The elements of both descriptions form a vector space; that is to say that the 10 axioms of a vector space are satisfied by the objects in $$\{dx, dy, dz\}$$ just as they are satisfied by $$\{\hat e_x , \hat e_y, \hat e_z\}$$.

If decomposition into components were all that was required, the two notations would offer the same benefits with the only difference being the superficial differences in the glyphs of one set compared to another.

However, we want more out of our sets of objects. Exactly what additional structure each set caries and how it is notationally encoded is the major difference between the two approaches.

Typically, classical vectors are given a metric structure such that

\[ \hat e_i \cdot \hat e_j = \delta_{ij} \]

and a ‘cross’ structure such that

\[ \hat e_i \times \hat e_j = \epsilon_{ijk} e_k \; .\]

Differential one-forms differ in that they are given only the ‘cross’ structure in the form
\[ dy \wedge dz = – dz \wedge dy \; ,\]
\[ dz \wedge dx = – dx \wedge dz \; ,\]
\[ dx \wedge dy = – dy \wedge dx \; ,\]

where the wedge product $$dx \wedge dy$$ is sensibly called a two-form, indicating that it is made up of two one-forms.

Like the vector cross-product, the wedge product anti-commutes, implying that

\[ dx \wedge dx = 0 \; ,\]

with an analogous formula for $$dy$$ and $$dz$$.

Despite these similarities, the wedge product differs in one significant way from its vector cross-product cousin in that it is also associative so that no ambiguity exists by saying

\[ dx \wedge (dy \wedge dz) = (dx \wedge dy) \wedge dz = dx \wedge dy \wedge dz \; .\]
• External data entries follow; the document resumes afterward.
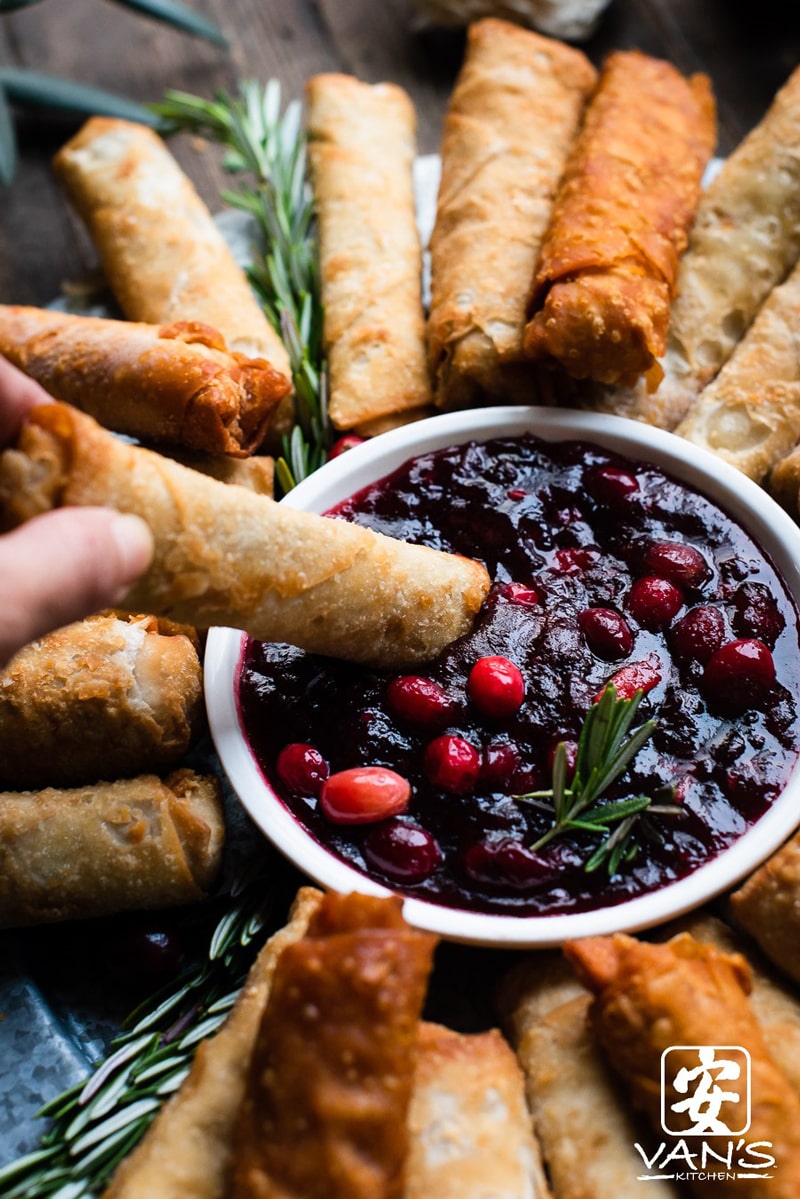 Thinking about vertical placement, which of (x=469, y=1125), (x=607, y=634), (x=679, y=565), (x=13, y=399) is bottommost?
(x=469, y=1125)

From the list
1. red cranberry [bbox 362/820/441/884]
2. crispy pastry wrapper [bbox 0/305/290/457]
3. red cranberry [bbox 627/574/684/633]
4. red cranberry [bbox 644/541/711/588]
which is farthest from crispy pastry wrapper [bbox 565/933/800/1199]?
crispy pastry wrapper [bbox 0/305/290/457]

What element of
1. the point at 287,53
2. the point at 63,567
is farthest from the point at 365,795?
the point at 287,53

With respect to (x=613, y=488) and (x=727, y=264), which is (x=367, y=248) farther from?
(x=613, y=488)

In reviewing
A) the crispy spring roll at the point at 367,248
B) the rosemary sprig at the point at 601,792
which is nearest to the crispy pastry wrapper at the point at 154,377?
the crispy spring roll at the point at 367,248

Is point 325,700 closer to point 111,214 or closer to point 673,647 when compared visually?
point 673,647

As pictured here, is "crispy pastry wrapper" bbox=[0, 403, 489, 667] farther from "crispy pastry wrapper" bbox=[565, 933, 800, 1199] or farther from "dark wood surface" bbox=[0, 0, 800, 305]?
"dark wood surface" bbox=[0, 0, 800, 305] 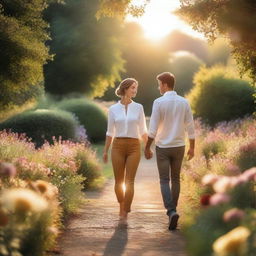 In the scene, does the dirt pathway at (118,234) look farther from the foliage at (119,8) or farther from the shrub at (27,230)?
the foliage at (119,8)

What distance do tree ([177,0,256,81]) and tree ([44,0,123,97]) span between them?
2323 centimetres

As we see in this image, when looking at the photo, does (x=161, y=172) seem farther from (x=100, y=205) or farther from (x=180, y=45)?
(x=180, y=45)

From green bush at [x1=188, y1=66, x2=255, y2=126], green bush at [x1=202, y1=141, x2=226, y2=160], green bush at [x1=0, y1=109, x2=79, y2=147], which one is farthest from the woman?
green bush at [x1=188, y1=66, x2=255, y2=126]

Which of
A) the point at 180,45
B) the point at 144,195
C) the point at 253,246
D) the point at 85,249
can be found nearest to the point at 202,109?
the point at 144,195

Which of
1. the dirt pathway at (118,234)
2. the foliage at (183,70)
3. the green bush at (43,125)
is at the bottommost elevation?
the dirt pathway at (118,234)

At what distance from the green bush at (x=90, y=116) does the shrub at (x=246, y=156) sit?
19.6 meters

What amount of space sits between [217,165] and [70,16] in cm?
2608

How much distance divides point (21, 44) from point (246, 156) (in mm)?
5076

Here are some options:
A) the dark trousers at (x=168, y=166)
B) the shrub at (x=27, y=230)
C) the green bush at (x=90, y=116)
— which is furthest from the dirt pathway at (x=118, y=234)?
the green bush at (x=90, y=116)

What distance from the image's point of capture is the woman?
325 inches

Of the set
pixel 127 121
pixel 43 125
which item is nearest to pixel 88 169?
pixel 127 121

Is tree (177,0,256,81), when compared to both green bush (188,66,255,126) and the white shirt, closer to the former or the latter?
the white shirt

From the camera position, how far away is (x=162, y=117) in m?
7.92

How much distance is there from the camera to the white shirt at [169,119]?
25.7 ft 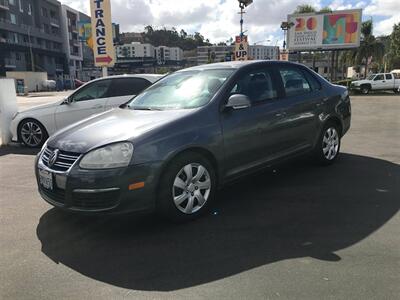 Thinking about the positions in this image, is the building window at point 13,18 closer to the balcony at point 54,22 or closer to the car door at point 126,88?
the balcony at point 54,22

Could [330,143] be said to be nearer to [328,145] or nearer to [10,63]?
[328,145]

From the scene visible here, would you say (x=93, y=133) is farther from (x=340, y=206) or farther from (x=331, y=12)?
(x=331, y=12)

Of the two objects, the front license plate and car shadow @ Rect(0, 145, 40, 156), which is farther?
car shadow @ Rect(0, 145, 40, 156)

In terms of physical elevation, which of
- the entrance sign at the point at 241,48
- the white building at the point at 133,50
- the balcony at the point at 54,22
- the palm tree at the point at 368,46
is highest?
the balcony at the point at 54,22

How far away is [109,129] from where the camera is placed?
396 cm

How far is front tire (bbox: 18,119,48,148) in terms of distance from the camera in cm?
864

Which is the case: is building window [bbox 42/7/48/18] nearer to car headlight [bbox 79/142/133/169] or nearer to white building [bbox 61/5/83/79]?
white building [bbox 61/5/83/79]

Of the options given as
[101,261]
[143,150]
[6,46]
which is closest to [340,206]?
[143,150]

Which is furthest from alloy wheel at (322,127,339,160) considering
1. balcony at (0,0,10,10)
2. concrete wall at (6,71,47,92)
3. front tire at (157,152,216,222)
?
balcony at (0,0,10,10)

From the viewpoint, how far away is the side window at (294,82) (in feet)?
17.5

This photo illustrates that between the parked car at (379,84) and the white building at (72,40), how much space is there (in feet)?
242

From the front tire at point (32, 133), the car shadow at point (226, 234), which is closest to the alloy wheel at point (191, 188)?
the car shadow at point (226, 234)

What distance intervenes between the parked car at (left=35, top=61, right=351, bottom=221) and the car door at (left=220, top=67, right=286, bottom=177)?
0.5 inches

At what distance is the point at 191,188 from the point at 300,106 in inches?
87.0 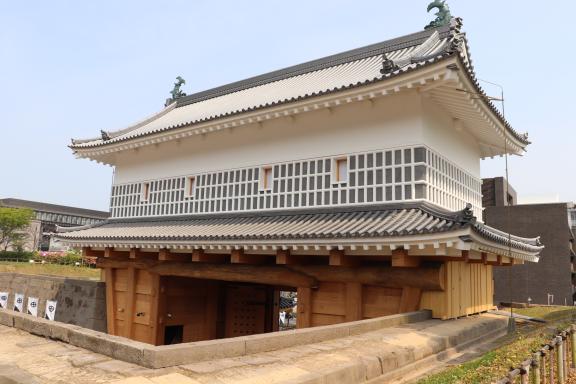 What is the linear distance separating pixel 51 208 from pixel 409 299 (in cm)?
7773

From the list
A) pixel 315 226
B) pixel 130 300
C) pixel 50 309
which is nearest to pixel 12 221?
pixel 50 309

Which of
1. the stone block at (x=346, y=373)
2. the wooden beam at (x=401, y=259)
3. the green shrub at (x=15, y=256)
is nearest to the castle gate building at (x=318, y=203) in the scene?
the wooden beam at (x=401, y=259)

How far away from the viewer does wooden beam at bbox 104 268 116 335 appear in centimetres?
1606

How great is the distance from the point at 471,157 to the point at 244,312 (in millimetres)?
10337

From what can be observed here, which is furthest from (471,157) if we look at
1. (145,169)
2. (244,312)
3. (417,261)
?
(145,169)

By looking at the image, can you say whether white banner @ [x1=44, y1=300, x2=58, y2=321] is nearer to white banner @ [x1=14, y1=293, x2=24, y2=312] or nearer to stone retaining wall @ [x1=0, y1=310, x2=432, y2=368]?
white banner @ [x1=14, y1=293, x2=24, y2=312]

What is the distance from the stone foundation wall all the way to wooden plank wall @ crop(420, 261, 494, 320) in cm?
1268

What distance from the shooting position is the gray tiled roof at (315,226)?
8.36 meters

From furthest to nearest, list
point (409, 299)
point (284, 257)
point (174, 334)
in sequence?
point (174, 334)
point (284, 257)
point (409, 299)

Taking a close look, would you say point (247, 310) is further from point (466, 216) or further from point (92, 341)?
point (92, 341)

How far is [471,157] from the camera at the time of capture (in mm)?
13297

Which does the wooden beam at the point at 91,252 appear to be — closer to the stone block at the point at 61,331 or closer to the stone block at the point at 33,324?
the stone block at the point at 33,324

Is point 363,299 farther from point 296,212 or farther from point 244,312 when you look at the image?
point 244,312

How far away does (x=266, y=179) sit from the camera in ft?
42.7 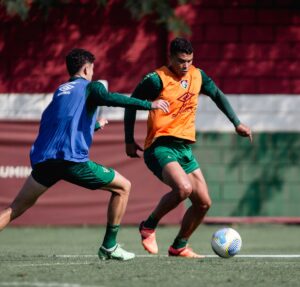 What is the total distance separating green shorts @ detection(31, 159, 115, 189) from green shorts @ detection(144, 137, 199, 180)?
2.93 ft

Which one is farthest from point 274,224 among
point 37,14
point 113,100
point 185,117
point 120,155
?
point 113,100

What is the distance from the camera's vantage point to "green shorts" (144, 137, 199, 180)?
34.1 feet

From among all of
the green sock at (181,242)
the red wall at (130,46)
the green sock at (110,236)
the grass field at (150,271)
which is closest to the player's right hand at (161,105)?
the green sock at (110,236)

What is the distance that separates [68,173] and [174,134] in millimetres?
1359

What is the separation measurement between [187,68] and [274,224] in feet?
28.8

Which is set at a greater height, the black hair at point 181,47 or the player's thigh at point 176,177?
the black hair at point 181,47

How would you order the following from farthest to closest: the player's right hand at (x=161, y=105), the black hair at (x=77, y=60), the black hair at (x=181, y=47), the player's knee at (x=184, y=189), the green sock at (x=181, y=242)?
the green sock at (x=181, y=242) → the black hair at (x=181, y=47) → the player's knee at (x=184, y=189) → the black hair at (x=77, y=60) → the player's right hand at (x=161, y=105)

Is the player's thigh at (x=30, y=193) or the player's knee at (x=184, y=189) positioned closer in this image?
the player's thigh at (x=30, y=193)

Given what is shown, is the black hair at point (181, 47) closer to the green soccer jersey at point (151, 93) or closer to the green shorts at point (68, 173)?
the green soccer jersey at point (151, 93)

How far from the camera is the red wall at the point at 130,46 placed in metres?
19.2

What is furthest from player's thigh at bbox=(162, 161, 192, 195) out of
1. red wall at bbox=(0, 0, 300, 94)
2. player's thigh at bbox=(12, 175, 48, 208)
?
red wall at bbox=(0, 0, 300, 94)

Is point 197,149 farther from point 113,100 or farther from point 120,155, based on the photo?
point 113,100

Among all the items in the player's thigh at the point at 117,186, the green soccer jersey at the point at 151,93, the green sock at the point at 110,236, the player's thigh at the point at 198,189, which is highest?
the green soccer jersey at the point at 151,93

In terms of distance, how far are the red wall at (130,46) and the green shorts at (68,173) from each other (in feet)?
31.5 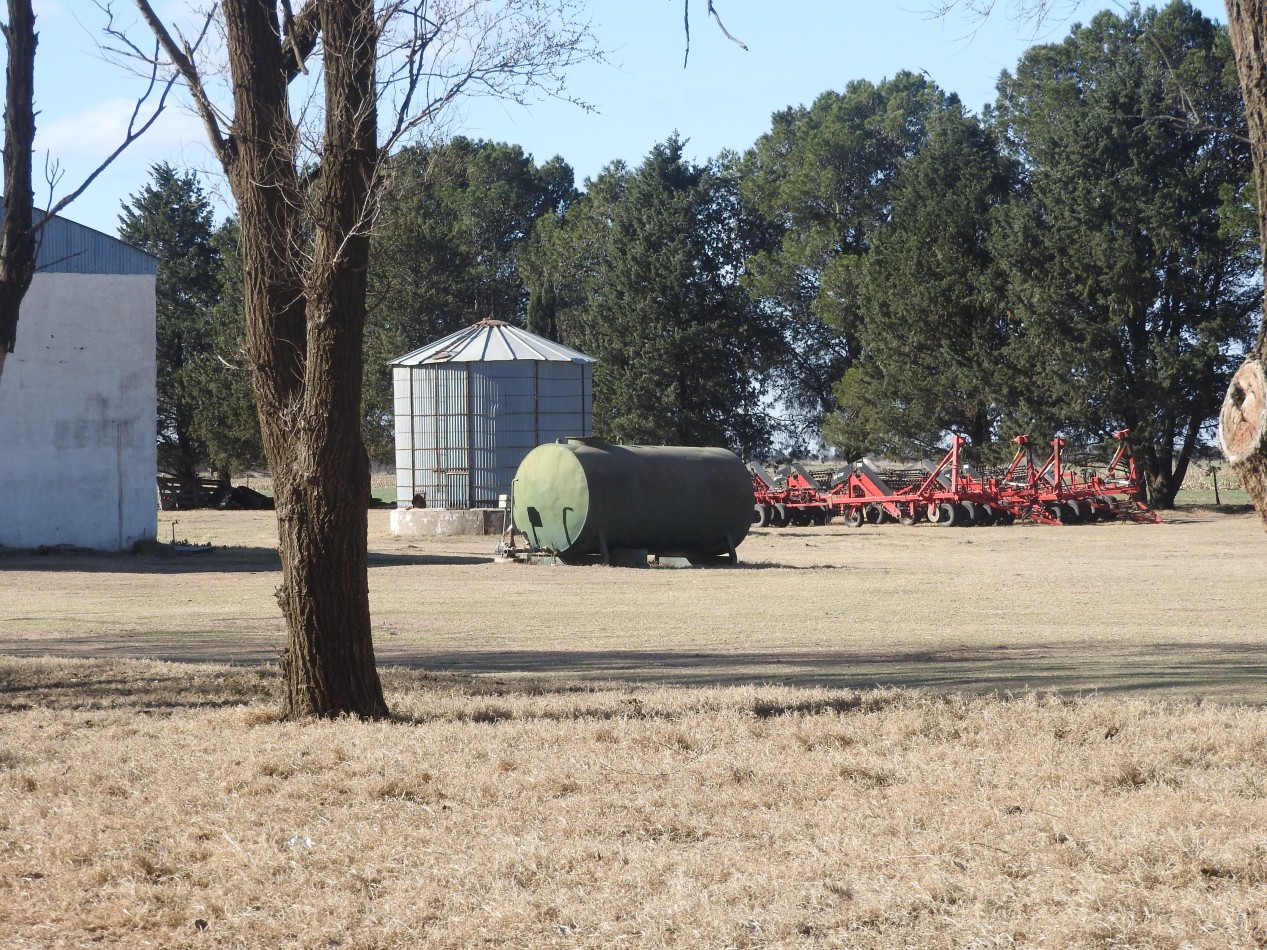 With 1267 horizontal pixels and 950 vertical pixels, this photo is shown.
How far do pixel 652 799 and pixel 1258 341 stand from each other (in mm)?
2910

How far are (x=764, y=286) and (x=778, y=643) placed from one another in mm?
51139

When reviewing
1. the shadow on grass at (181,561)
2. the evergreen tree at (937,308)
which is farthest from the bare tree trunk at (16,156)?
the evergreen tree at (937,308)

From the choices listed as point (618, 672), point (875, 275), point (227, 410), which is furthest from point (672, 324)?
point (618, 672)

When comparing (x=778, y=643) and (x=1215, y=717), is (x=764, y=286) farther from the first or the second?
(x=1215, y=717)

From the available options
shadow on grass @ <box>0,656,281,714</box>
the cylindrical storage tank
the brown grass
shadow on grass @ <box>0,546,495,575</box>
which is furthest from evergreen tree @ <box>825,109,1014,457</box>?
the brown grass

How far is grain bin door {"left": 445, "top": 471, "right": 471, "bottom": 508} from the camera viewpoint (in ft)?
131

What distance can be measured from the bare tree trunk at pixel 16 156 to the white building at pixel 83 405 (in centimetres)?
1923

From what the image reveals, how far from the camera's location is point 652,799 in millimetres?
5938

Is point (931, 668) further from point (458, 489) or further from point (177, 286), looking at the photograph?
point (177, 286)

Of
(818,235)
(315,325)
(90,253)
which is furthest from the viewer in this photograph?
(818,235)

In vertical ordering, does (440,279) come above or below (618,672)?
above

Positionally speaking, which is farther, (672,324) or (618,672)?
(672,324)

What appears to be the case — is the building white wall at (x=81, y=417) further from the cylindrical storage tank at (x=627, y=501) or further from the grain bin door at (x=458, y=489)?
the grain bin door at (x=458, y=489)

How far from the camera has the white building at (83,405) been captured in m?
29.2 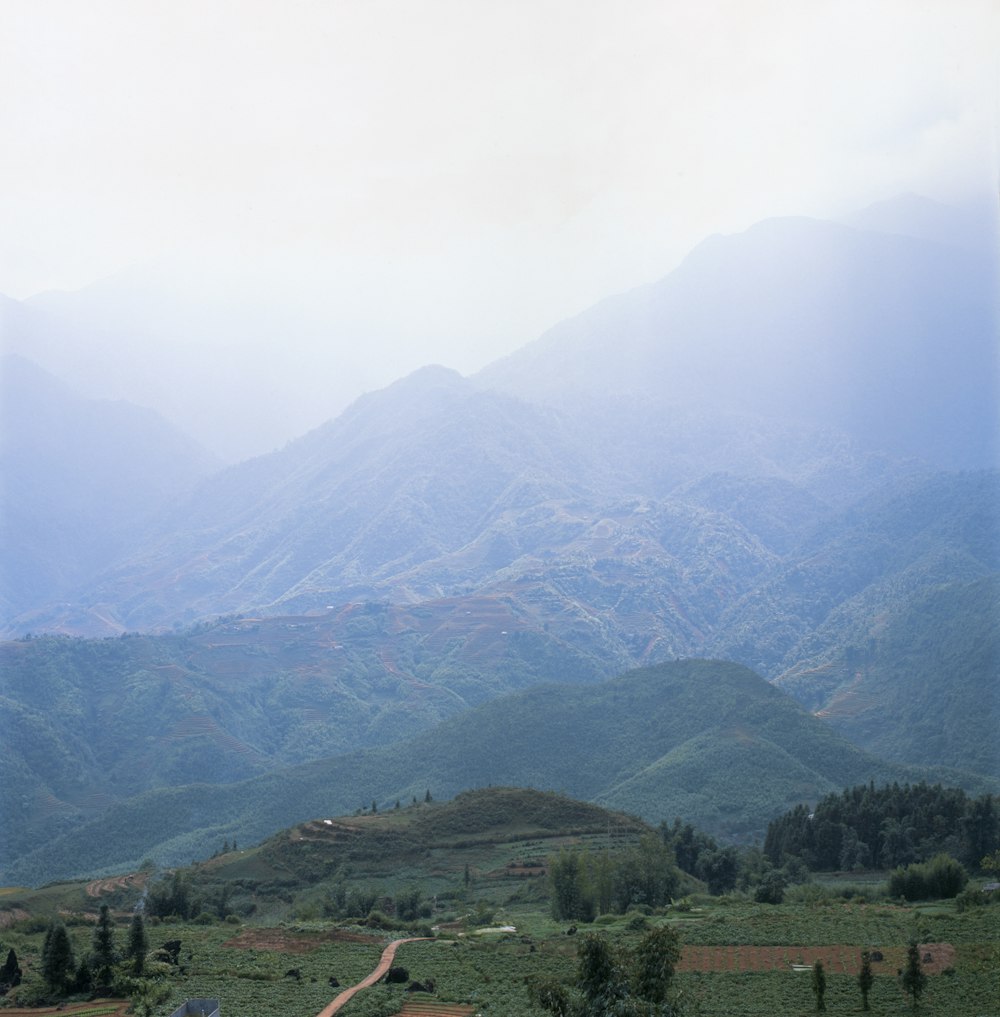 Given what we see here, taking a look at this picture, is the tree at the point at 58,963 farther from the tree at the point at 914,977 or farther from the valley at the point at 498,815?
the tree at the point at 914,977

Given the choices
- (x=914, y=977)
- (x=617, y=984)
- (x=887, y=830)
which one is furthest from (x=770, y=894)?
(x=617, y=984)

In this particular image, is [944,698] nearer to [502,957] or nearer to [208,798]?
[208,798]

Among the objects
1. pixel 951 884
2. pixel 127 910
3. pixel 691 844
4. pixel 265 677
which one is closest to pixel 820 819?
pixel 691 844

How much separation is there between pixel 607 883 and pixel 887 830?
72.6 feet

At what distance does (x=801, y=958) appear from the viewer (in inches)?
1501

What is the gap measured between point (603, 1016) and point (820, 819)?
55.6 m

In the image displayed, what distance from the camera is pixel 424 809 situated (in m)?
82.8

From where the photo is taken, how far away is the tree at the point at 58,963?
34344 millimetres

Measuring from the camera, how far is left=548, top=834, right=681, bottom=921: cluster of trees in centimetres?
5425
These algebraic rules are meant to sharply distinguish a point that is lost in classical vector analysis – namely that a vector defined in terms of a cross-product (i.e $$\vec C = \vec A \times \vec B$$) is not really a vector of the same type as the two vectors on the right-hand side that define it. That this must be true is easily (if somewhat startlingly) seen by the fact that when we consider the transformation of coordinates, the right-hand side needs two factors (one for $$\vec A$$ and one for $$\vec B$$) while the left-hand side needs only one. From a geometric point-of-view, we are exploiting a natural association between a plane spanned by $$\vec A$$ and $$\vec B$$ and the unique vector (up to a sign) that is perpendicular to it. This later obsservation is fully encoded into the structure of differential forms by defining the Hodge star operator such that

\[ dy \wedge dz \equiv *dx \; ,\]
\[ dz \wedge dx \equiv *dy \; ,\]
\[ dx \wedge dy \equiv *dz \; .\]

Also note that the Hodge star can be toggeled in the sense that

\[ *(dy \wedge dz) = **dx = dx \; ,\]

with similar expressions for the other two combinations.

Since the wedge product is associative, the Hodge star can be extended to operate on a three-form to give

\[ *(dx \wedge dy \wedge dz) = 1 \; , \]

which is interpreted as associating volumes with scalars.

All the tools are in place to follow the program of Schleifer for classical vector analysis. Note: some of these tools need to be modified for either higher dimensional spaces, or for non-positive-definite spaces, or both.

At this point, there may be some worry expressed that since the formalism of differential forms has no imposed metric structure, that we’ve thrown away the dot-product and all its useful properties. That this isn’t a problem can be seen as follows.

The classic dot-product is given by

\[ \vec A \cdot \vec B = A_x B_x + A_y B_y + A_z B_z \; .\]

The equivalent expression, in terms of forms, is

\[ \vec A \cdot \vec B \Leftrightarrow * ( \phi_{A} \wedge *\phi_B )\]

as can be seen as follows:

\[ \phi_B = B_x dx + B_y dy + B_z dz \; , \]

from which we get

\[ *\phi_B = B_x dy \wedge dz + B_y dz \wedge dx + B_z dx \wedge dy \; .\]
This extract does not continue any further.